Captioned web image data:
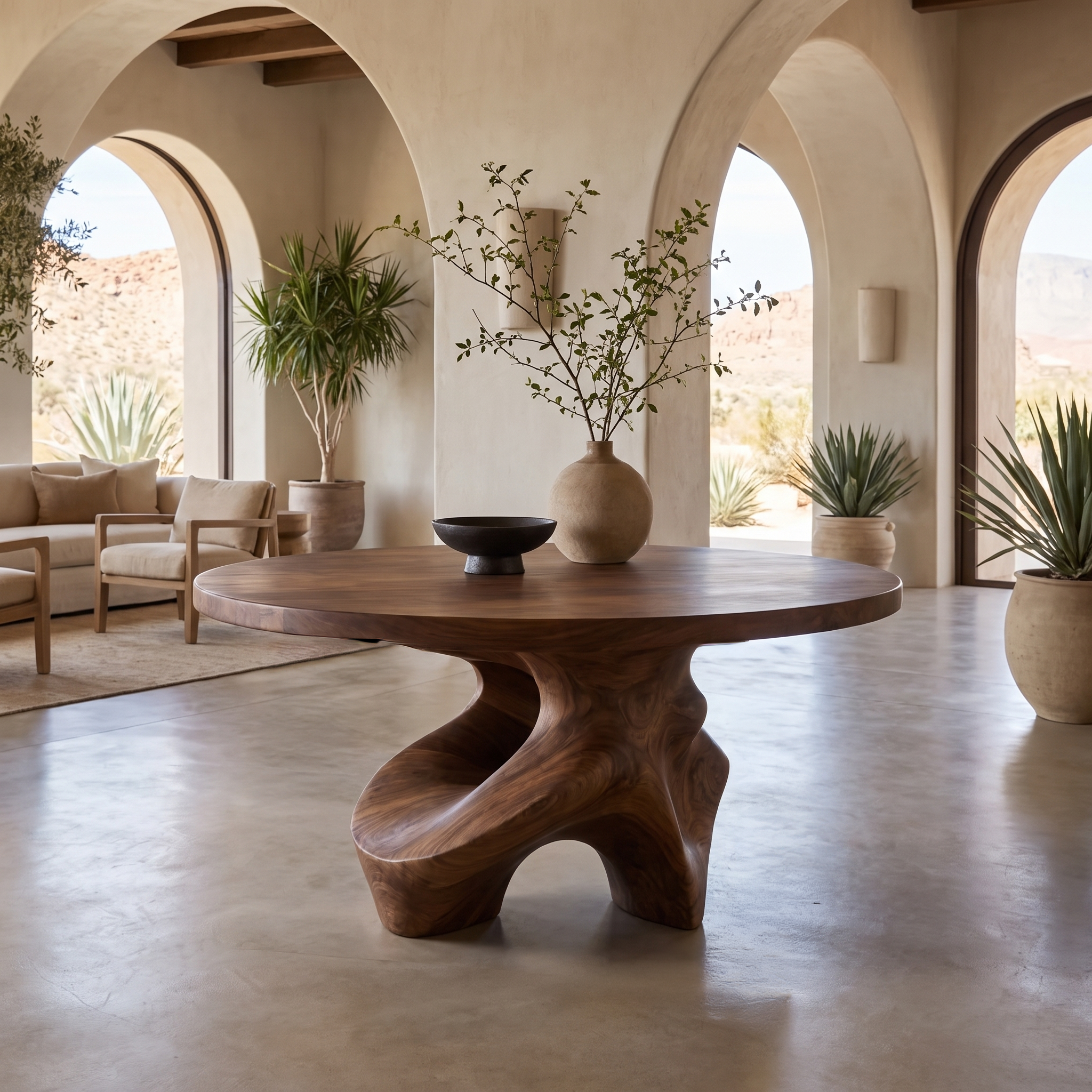 Minimalist Foyer Table Handcrafted Organic Base For Entryway FTHCH017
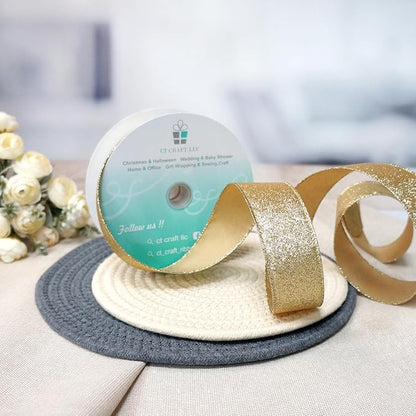 CT CRAFT LLC Glitter Wired Ribbon 1.5" x 20 Yards Light Gold - Image 4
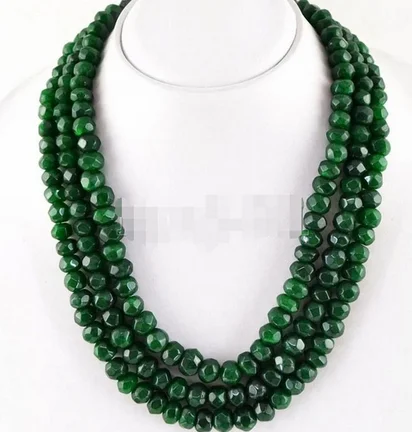 

3Rows Natural 5x8mm Green Emerald Faceted Gemstone Beads Necklace 17-19'' AAA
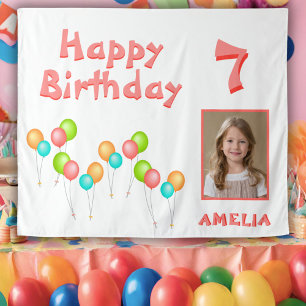 Farbenfrohe Party Balloons Kind Geburtstag Foto Wandteppich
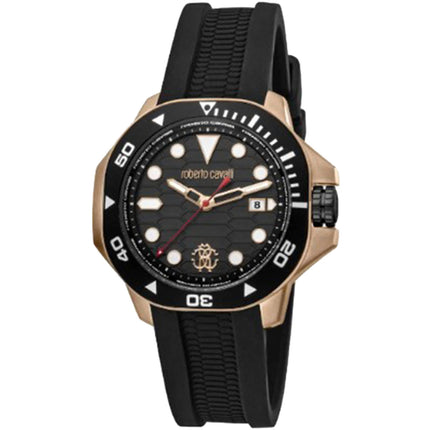 Roberto Cavalli Men's Watch - Classic Quartz Black Dial Rubber Strap | RC5G044P0085 ,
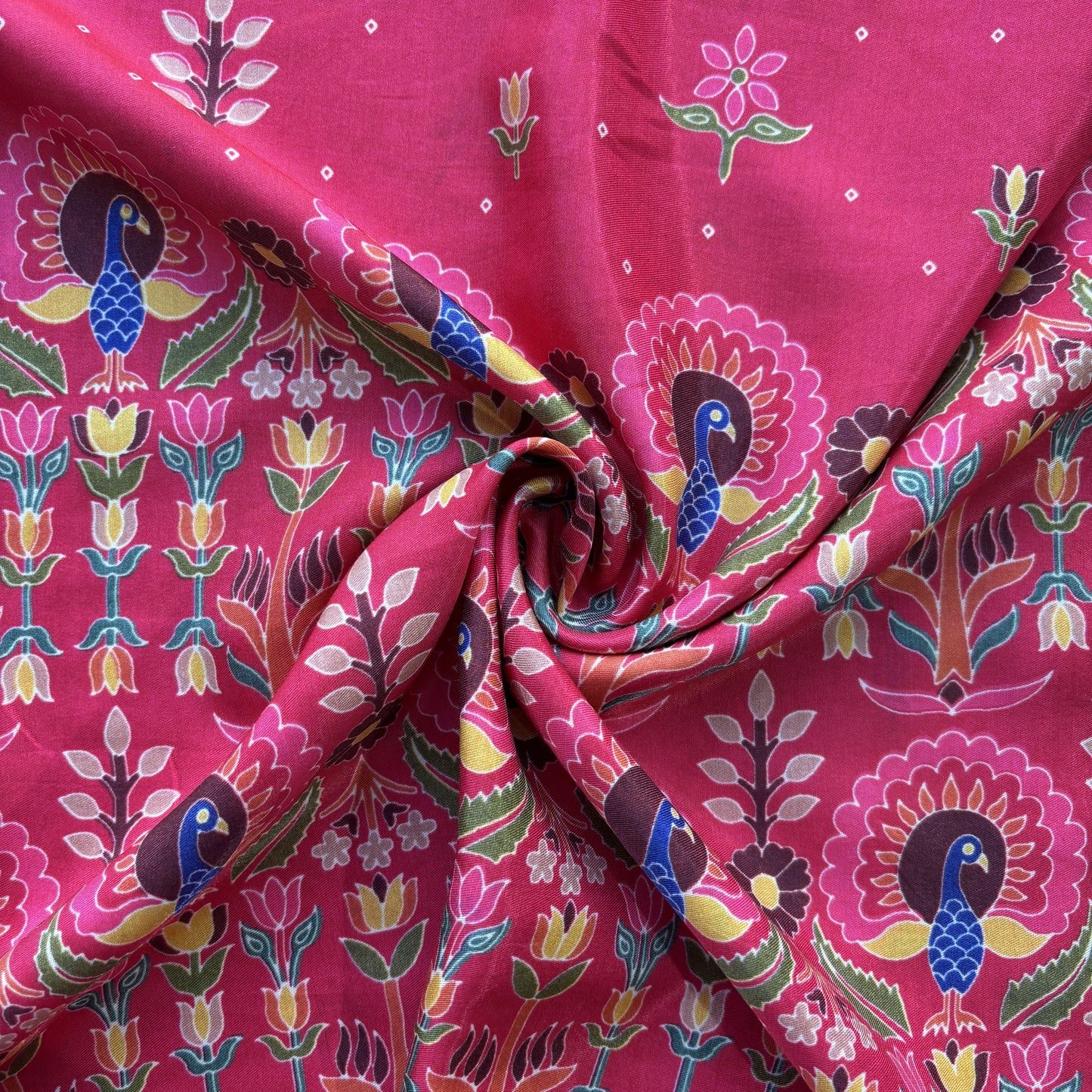 Red Border Floral Print Bemberg Gajji Silk Fabric 15577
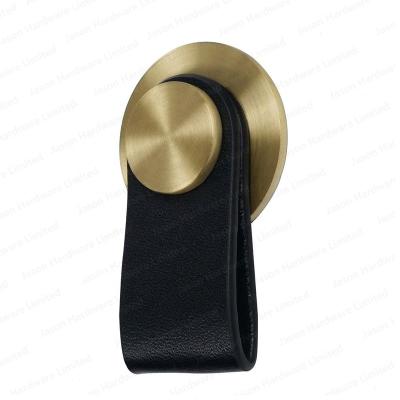 China Modern Luxury Fancy Leather Furniture Drawer Handle To Pull Single Cabinet Gold Knobs Screw Furniture Handle for sale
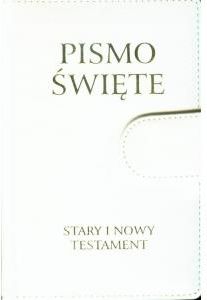 Pismo Święte ST i NT małe białe z zapięciem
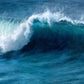 'Clean Break' oil painting of a clean breaking wave, painted in oil paints on canvas by Naomi Jenkin Art. 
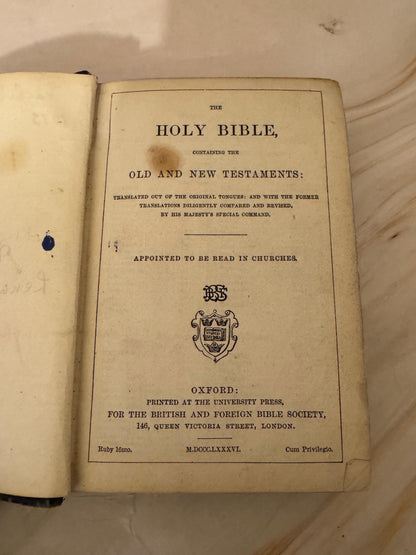 1886 Antique KJV Holy Bible, Oxford King James Bible, Victorian Family Bible - Ref X643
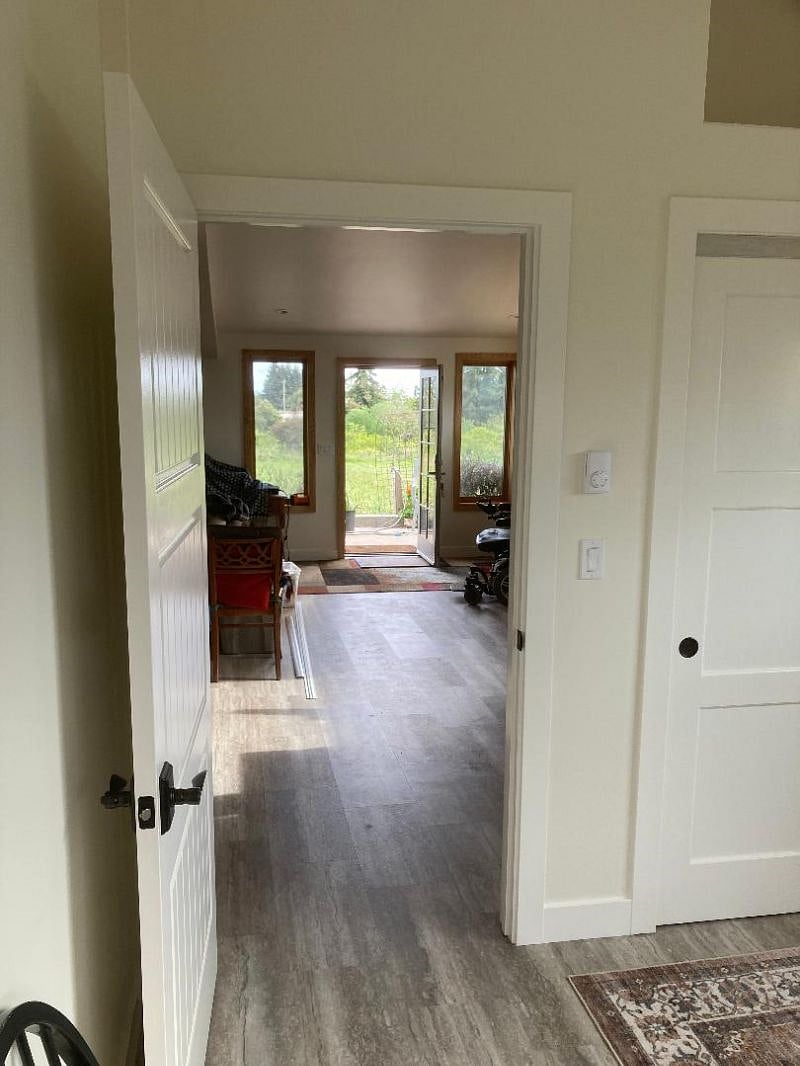 View from bedroom to front door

- _Task prompt_: Using the records above, print exactly the lines between the ones containing "3Rows Natural 5x8mm" and "Naomi Jenkin Art.", inclusive, and nothing else; no pictures.

- _Answer for the task_:
3Rows Natural 5x8mm Green Emerald Faceted Gemstone Beads Necklace 17-19'' AAA
 Farbenfrohe Party Balloons Kind Geburtstag Foto Wandteppich
 Roberto Cavalli Men's Watch - Classic Quartz Black Dial Rubber Strap | RC5G044P0085 ,
 Red Border Floral Print Bemberg Gajji Silk Fabric 15577
 China Modern Luxury Fancy Leather Furniture Drawer Handle To Pull Single Cabinet Gold Knobs Screw Furniture Handle for sale
 Pismo Święte ST i NT małe białe z zapięciem
 'Clean Break' oil painting of a clean breaking wave, painted in oil paints on canvas by Naomi Jenkin Art. 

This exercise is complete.